Clone wiki

biobakery / shortbred

ShortBRED Tutorial

ShortBRED (Short, Better Representative Extract Dataset) is a pipeline to take a set of protein sequences, cluster them into families, build consensus sequences to represent the families, and then reduce these consensus sequences to a set of unique identifying strings ("markers"). The pipeline then searches for these markers in metagenomic data and determines the presence and abundance of the protein families of interest.

For additional information, please refer to the manuscript: Kaminski J, Gibson MK, Franzosa EA, Segata N, Dantas G, Huttenhower C.High-specificity targeted functional profiling in microbial communities with ShortBRED. PLoS Comput Biol. 2015 Dec 18;11(12):e1004557.

We provide support for ShortBRED users. Please join our Google group designated specifically for ShortBRED users.

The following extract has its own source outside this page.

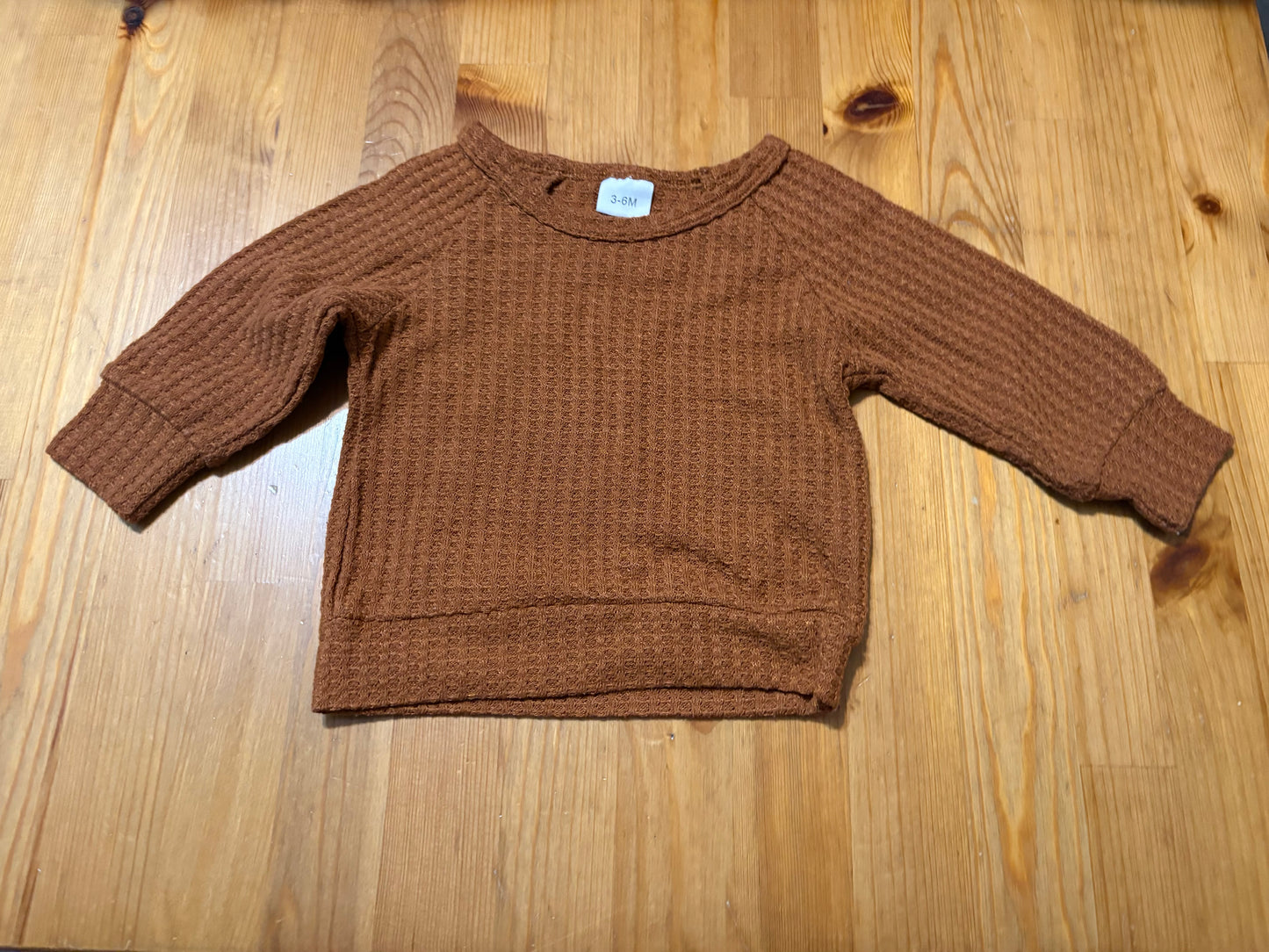 Gilet neuf 3-6 mois (internet)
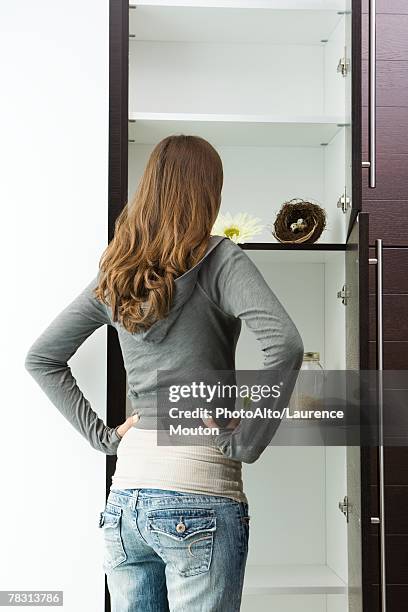 teen girl standing in front of sparse pantry with hands on hips, rear view - open day 14 stock pictures, royalty-free photos & images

Feel free to post any questions on the google group by posting directly or emailing shortbred-users@googlegroups.com



Overview

The following figure shows the workflow of ShortBRED.

http://huttenhower.sph.harvard.edu/sites/default/files/webfm/Jim/Figure1.png

1. Install

ShortBRED can be installed with Homebrew or run from a Docker image. Please note, if you are using bioBakery (Vagrant VM or cloud) you do not need to install ShortBRED because the tool and its dependencies are already installed. However, you will need to install the dependency USEARCH which requires a license. Follow the commands in the instructions to install bioBakery dependencies that require licences.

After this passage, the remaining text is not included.